The results obtained show that the association of the AC with either CES or SCM significantly improved the prediction accuracy. For example, with the three hidden layer network [18 × 9 × 3], the MAE goes from 13.80 kcal/mol when only the AC is used, to 4.40 kcal/mol when only the SCM is used down to 3.0 kcal/mol when the AC is combined with SCM. Similar observation is made when CES is combined with the AC (see Table 1). These results suggest that AC represents an interesting feature for the predictions of the electronic properties of molecules. Furthermore, the MAE = 3.0 kcal/mol obtained is lower than the MAE of 9.9 kcal/mol [6, 7] using kernel ridge regression and MAE of 3.51 kcal/mol obtained in [1, 3] using a multilayer NN associated with random coulomb matrices and a binarization scheme to augment the data in order to use a more complex multilayer neural network than the one used in this study. Clearly, the QM7 dataset result of [1, 3] is improved by a factor difference of 0.5 kcal/mol in this study. Our result is close to the acceptable 1 kcal/mol chemical accuracy.

4.2 Discussions

Predicting molecular energies quickly and accurately across the CCS is an important problem as the QM calculations take days and do not scale well to more complex molecules. ML is a good candidate for solving this problem as it encourages the framework to focus on solving the problem of interest rather than solving the more general Schrödinger equations. In this paper, we have developed further the learning-from-scratch approach initiated in [6] and provided a new ingredient for learning a successful mapping between raw molecular geometries and atomization energies. Our results suggest important discoveries and open new venues for future research.

Atomicity, Atom Counts or Atomic Composition Represents an Interesting Feature for QM/ML Models.

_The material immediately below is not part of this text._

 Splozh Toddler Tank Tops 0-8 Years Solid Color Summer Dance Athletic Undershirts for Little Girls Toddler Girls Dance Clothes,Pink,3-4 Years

Atomic composition (AC), i.e. atom counts of each type in a molecule is a representation that does not contain any molecular structural information. But our analysis suggests a correlation between the AC representation and the atomization energy. The combination of AC with CES or SCM yields a new molecular representation which inherits all the properties of either CES or SCM representation respectively. Even though the AC representation is not unique (case of isomers as we mentioned earlier), by combining it with the SCM for example, the pair [AC SCM] inherit all the properties of SCM and becomes a representation that is uniquely defined, invariant to rotation, translation and re-indexing of the atoms, given that the SCM had already been sorted in decreasing order to tackle the non-invariance to atom re-indexing. Similar observation can be made with the CES.

Bayesian Regularized Neural Networks are Suited for Molecular Data.

The Bayesian regularization approach used in this study seems to fit molecular data very well. Similar observation was made in [12] when developing quantitative structure activity relationship (QSAR) model of compounds active at the benzodiazepine and muscarinic receptors. The results obtained here further prove the point that Bayesian regularized neural networks possess several properties useful for the analysis of molecular data. One advantage of the Bayesian regularized neural networks is that the number of effective parameters used in the model is less than the number of weights, as some weights do not contribute to the models. This minimizes the likelihood of overfitting. The concerns about overfitting and overtraining are also removed by this method so that the production of a definitive and reproducible model is attained [9,10,11,12].

5 Conclusions

In this study, we show that by combining the atomic composition of molecules with their Coulomb matrix representation, the output of the quantum mechanics machine learning model can be significantly improved. Using the QM7 dataset as a test case, our results show a decrease by a difference of 1.5 kcal/mol when the sorted Coulomb matrix representation is combined with the atomic composition compared to when the sorted Coulomb matrix is used alone. Furthermore, our results improve well-known results from the literature on the QM7 dataset from a mean absolute error of 3.51 kcal/mol down to 3.0 kcal/mol. These results suggest that the atomic composition of molecules contain interesting information useful for quantum mechanics machine learning model and should not be neglected.